The vendors, which include industry heavyweights Microsoft, Intel, IBM, Compaq, and EMC, will manage the initiative under a new umbrella group called the Business Internet Consortium. It will operate as a nonprofit E-business think tank.
Executives from participating companies say the group will focus on issues that fall between the cracks of standards bodies and user groups. "A lot of the existing work focuses on specific technologies and not on how things interoperate with each other or what our customers will require to use all of our products in concert," says Marie Wieck, VP for software strategy at IBM. "We're looking to develop an organization that can speak with one voice," she adds.

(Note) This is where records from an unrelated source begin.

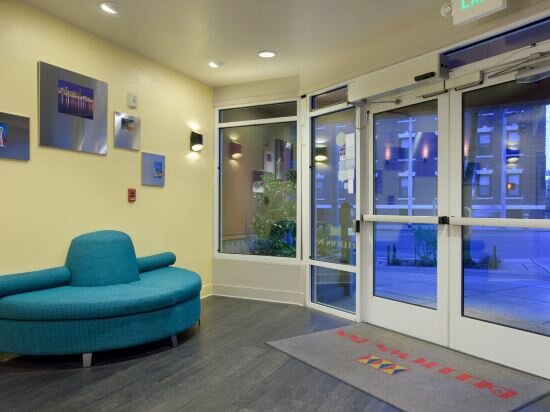 Фото The Belltown Inn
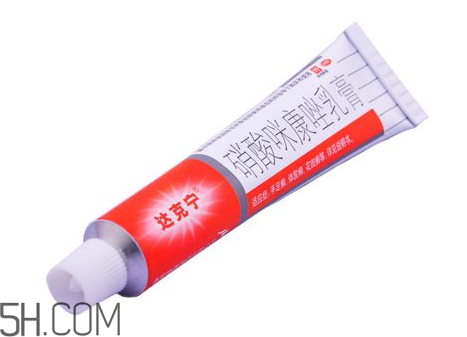 達(dá)克寧能治灰指甲嗎？達(dá)克寧能擦臉嗎？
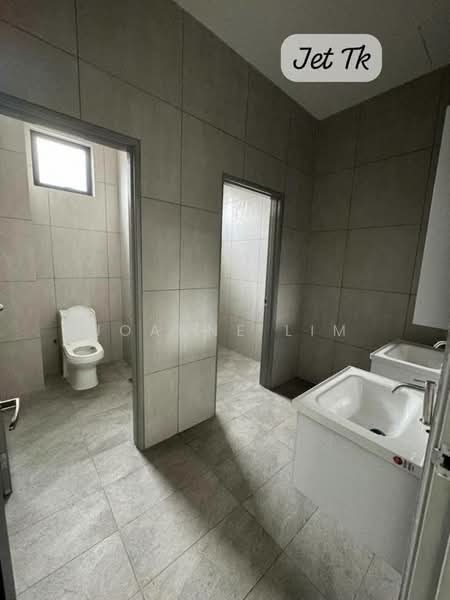 Factory for Rent in Pulau Indah (Klang) - Joanne Lim - Bathroom - PropertyGuru.com.my
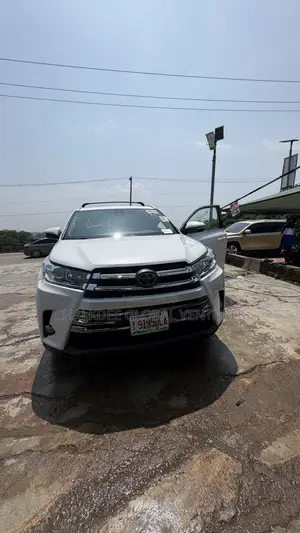 Toyota Highlander Limited 4x2 V6 (3.5L 6cyl 8A) 2017 White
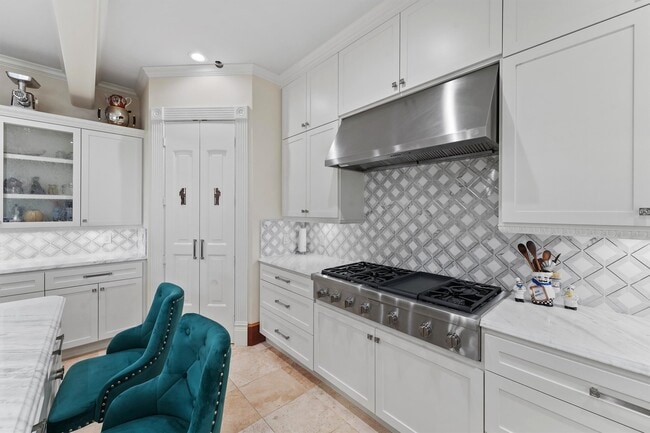 1119 River Glyn Dr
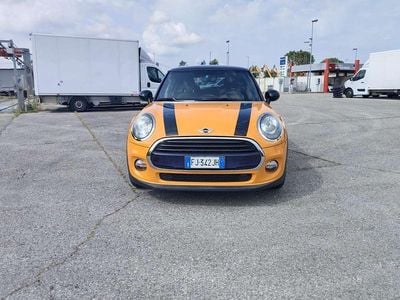 Usata Mini Cooper D 116 CV (85 kW) 2017 Arancione Utilitaria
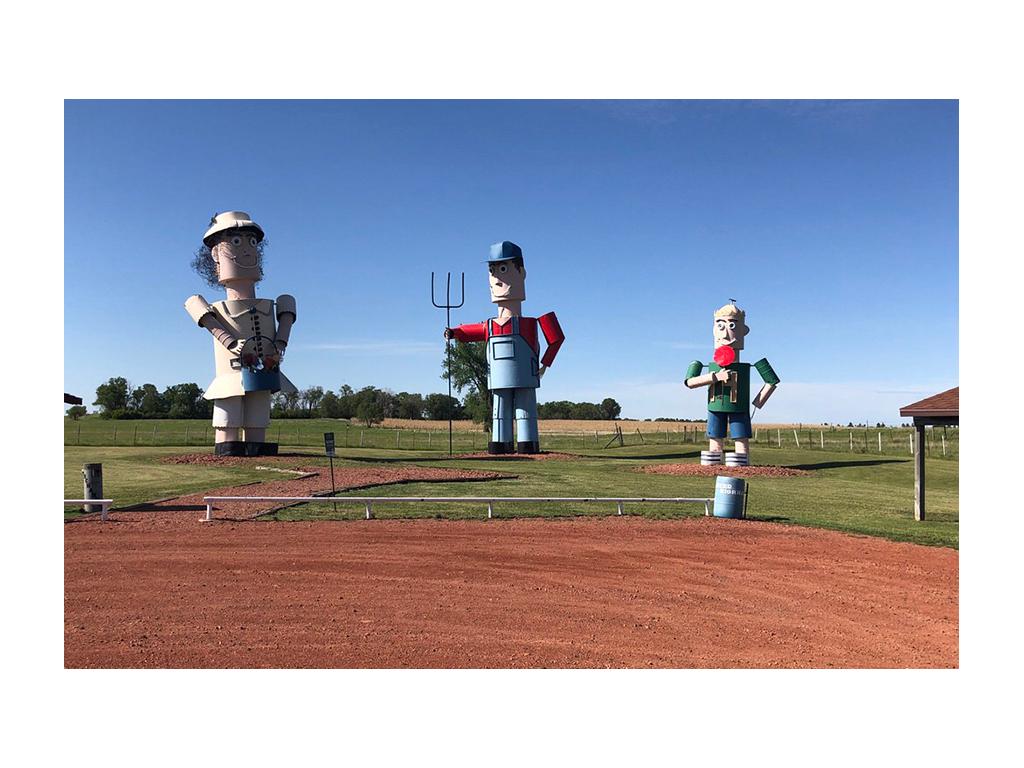 Gladstone to Regent sculptures of family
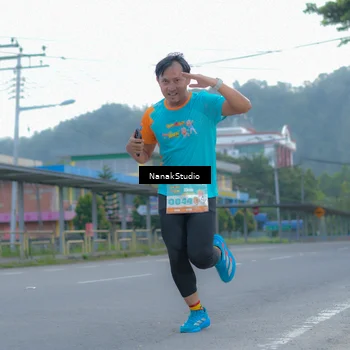 Runner Photo 8265544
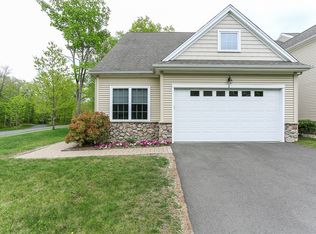 2 Brookview Cir, Bristol, CT 06010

Participating vendors will each dedicate two staff members to the effort as well as an undisclosed financial contribution, according to member company officials. Within the Business Internet Consortium, a number of working groups will focus on specific technology implementations, including the use of the Extensible Markup Language for E-business, improving the exchange of data over wireless devices, and integrating legacy systems into Web-based operations. Findings will be published on the Web and in white papers.
Observers say the group could provide a much-needed service, particularly to small businesses that lack large consulting budgets, if it can function as neutral, independent body. "Their challenge will be to not get into pitched battles over whose products are best," Summit Strategies analyst Dwight Davis says.
Twenty-six companies will participate in the Business Internet Consortium at launch. Hewlett-Packard, Dell Computer, SAP, and Unisys are also among the group. Not joining them--at least for now--are Sun Microsystems and Oracle, though organizers say the door is open to future members. A Sun spokesman says the company may participate but has not made a decision. Oracle officials could not immediately be reached for comment.